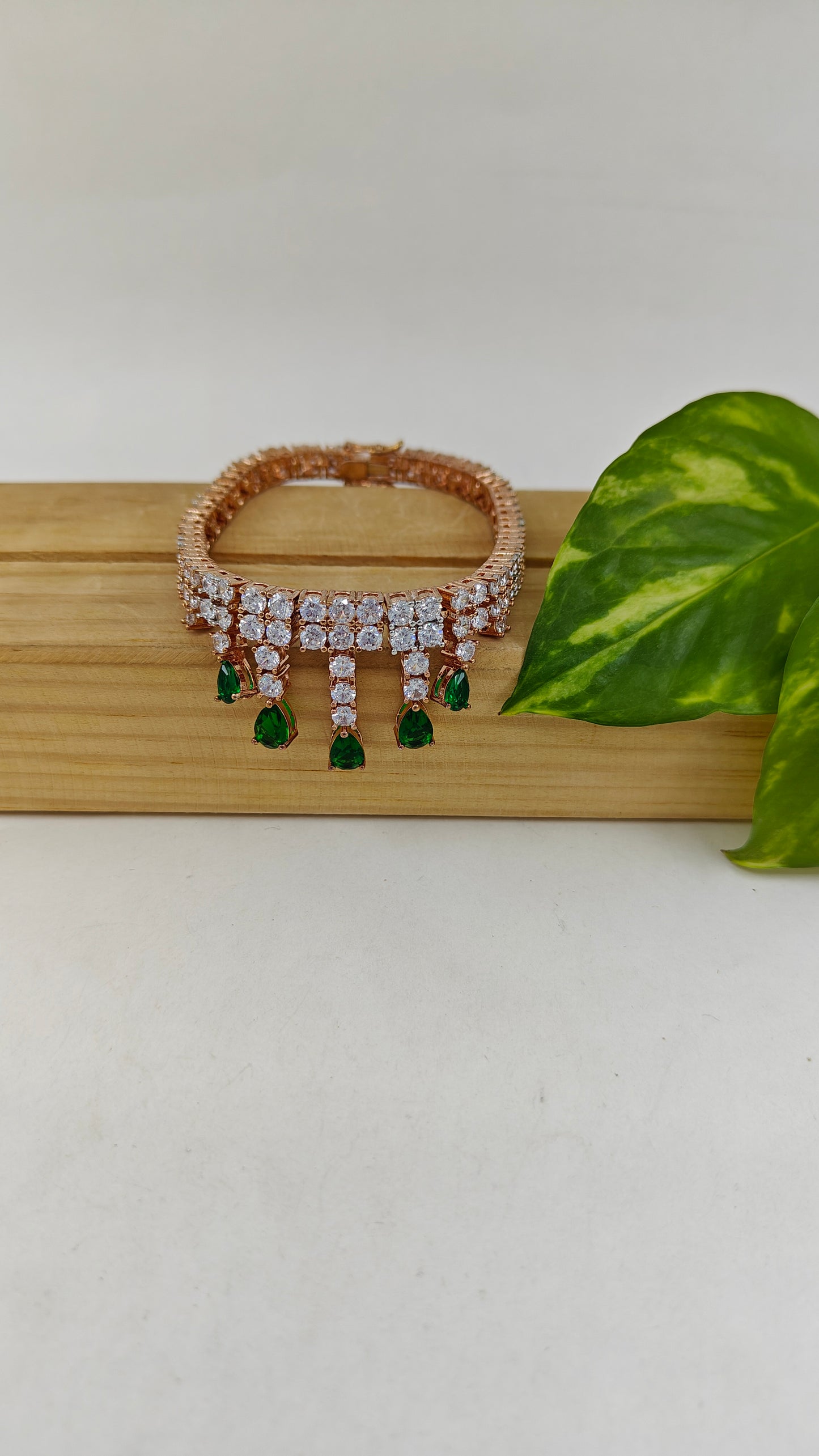 Bracelet with emerald/sapphire drops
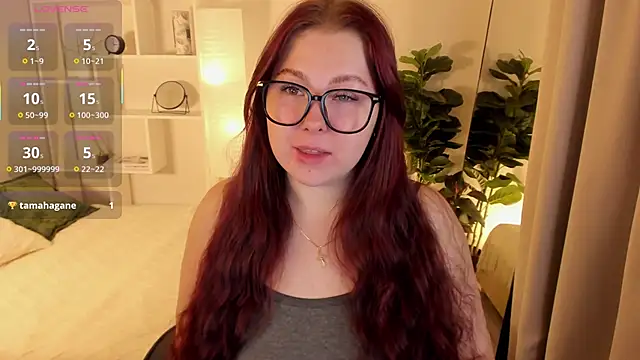 Snapshot of EffyBlush chatting on 16, 11, 2025 EffyBlush online show from 16, 11, 2025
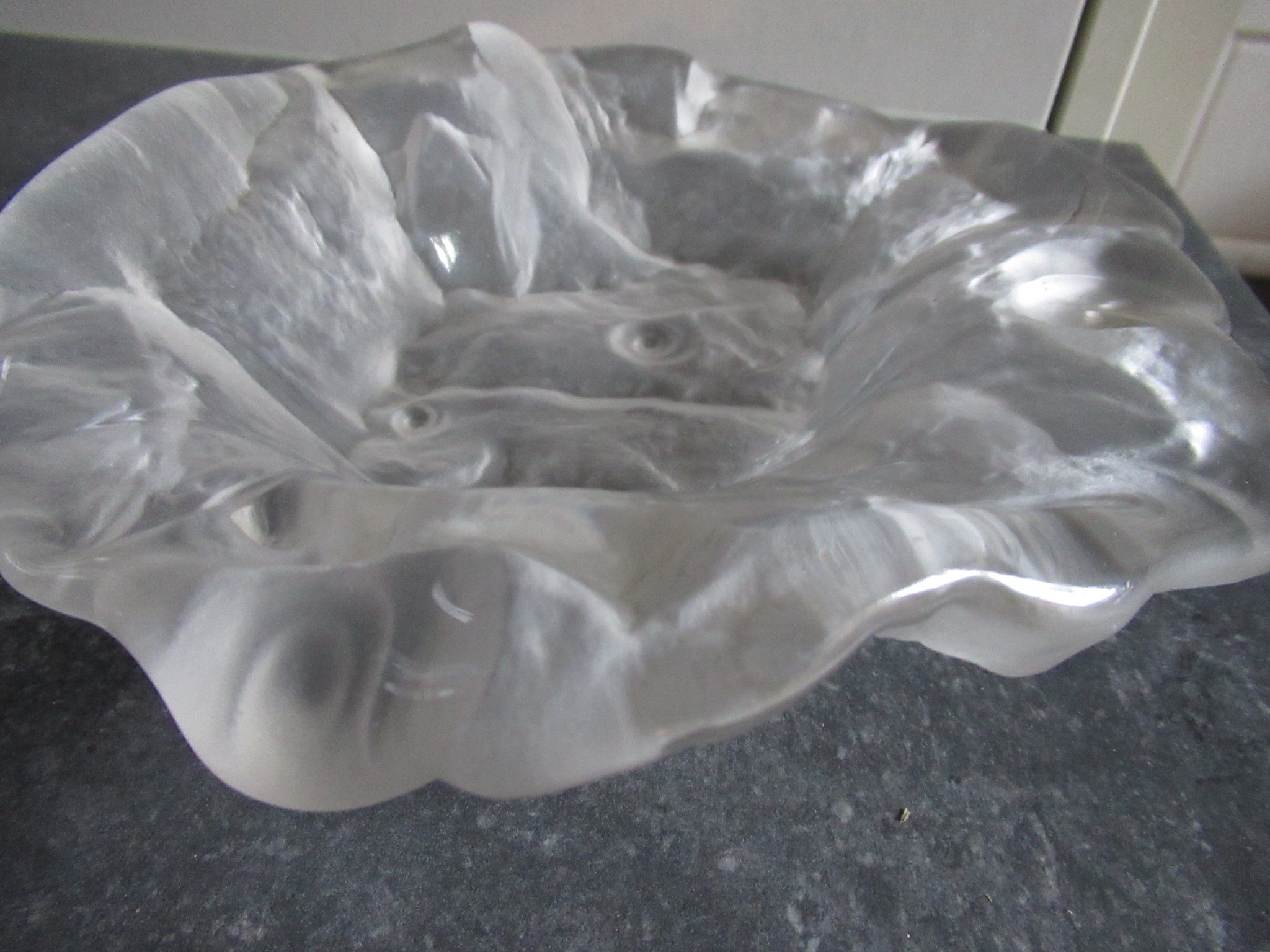 Walther glas - A-symtrische schaal met slak/schelp motieven kopen? Bied vanaf 1!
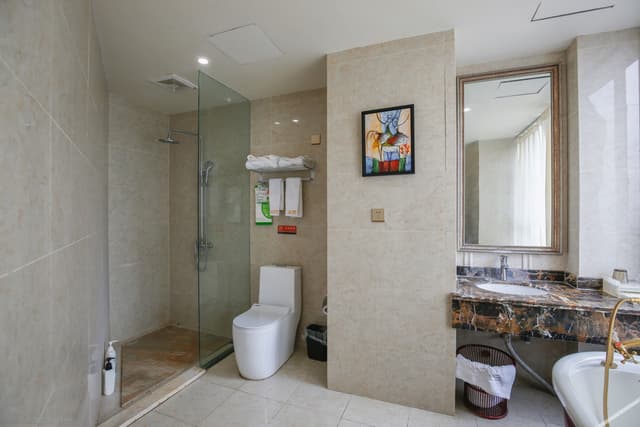 Deluxe Queen Room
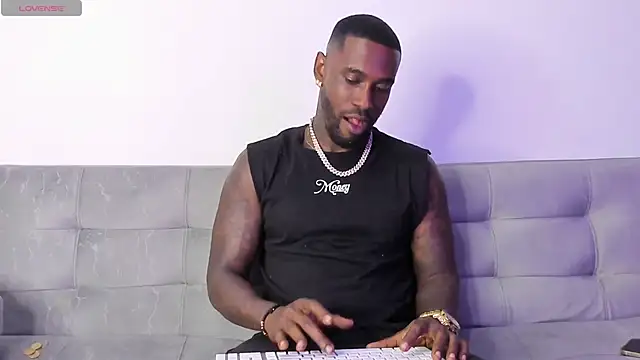 Snapshot of Dvid_Rullers chatting on March 15, 7:09 am Dvid Rullers online show from March 15, 7:09 am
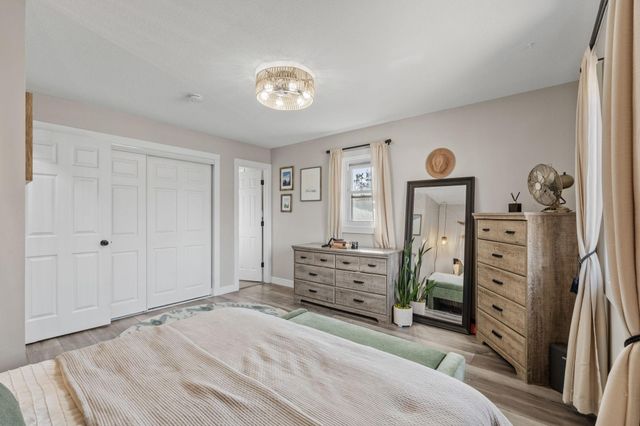 2946 Mcknight Road N, Maplewood, MN 55109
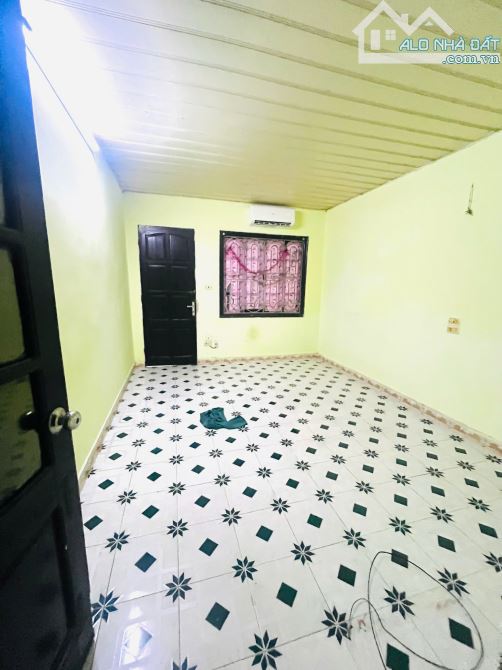 Siêu hiếm, cho thuê nhà nguyên căn tại phố Đại Từ, 35m2 x 3 tầng, 3 ngủ, 8.5 triệu - 4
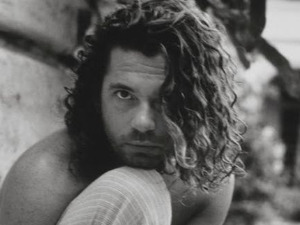 Под велом мистерије: Мајкл Хачинс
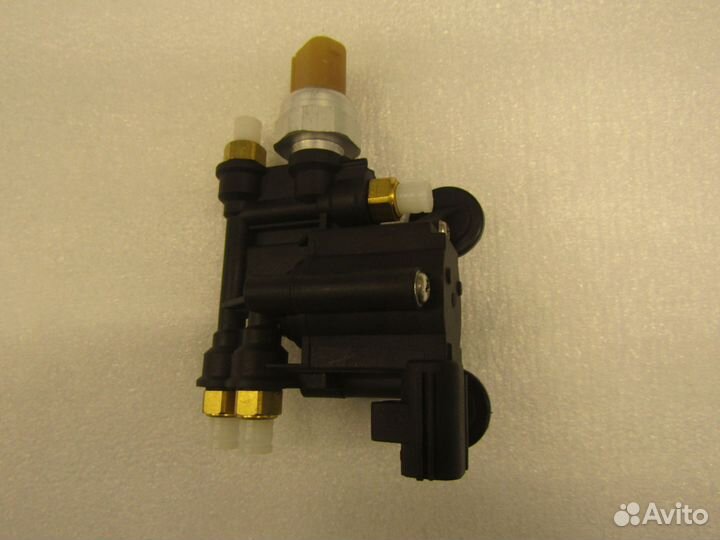 Блок клапанов средний Land Rover RVH000046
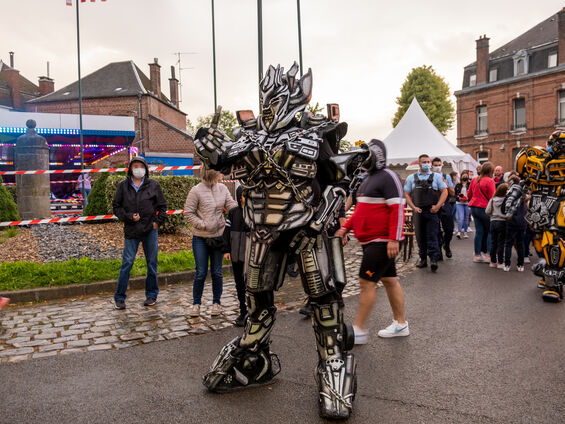 Les transformers se promènent à la grande ducasse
•••••
● ASSIGNMENT: Give back the full listing verbatim, skipping each picture.

● ANSWER FOR THE TASK:
 Bracelet with emerald/sapphire drops
 Snapshot of EffyBlush chatting on 16, 11, 2025 EffyBlush online show from 16, 11, 2025
 Walther glas - A-symtrische schaal met slak/schelp motieven kopen? Bied vanaf 1!
 Deluxe Queen Room
 Snapshot of Dvid_Rullers chatting on March 15, 7:09 am Dvid Rullers online show from March 15, 7:09 am
 2946 Mcknight Road N, Maplewood, MN 55109
 Siêu hiếm, cho thuê nhà nguyên căn tại phố Đại Từ, 35m2 x 3 tầng, 3 ngủ, 8.5 triệu - 4
 Под велом мистерије: Мајкл Хачинс
 Блок клапанов средний Land Rover RVH000046
 Les transformers se promènent à la grande ducasse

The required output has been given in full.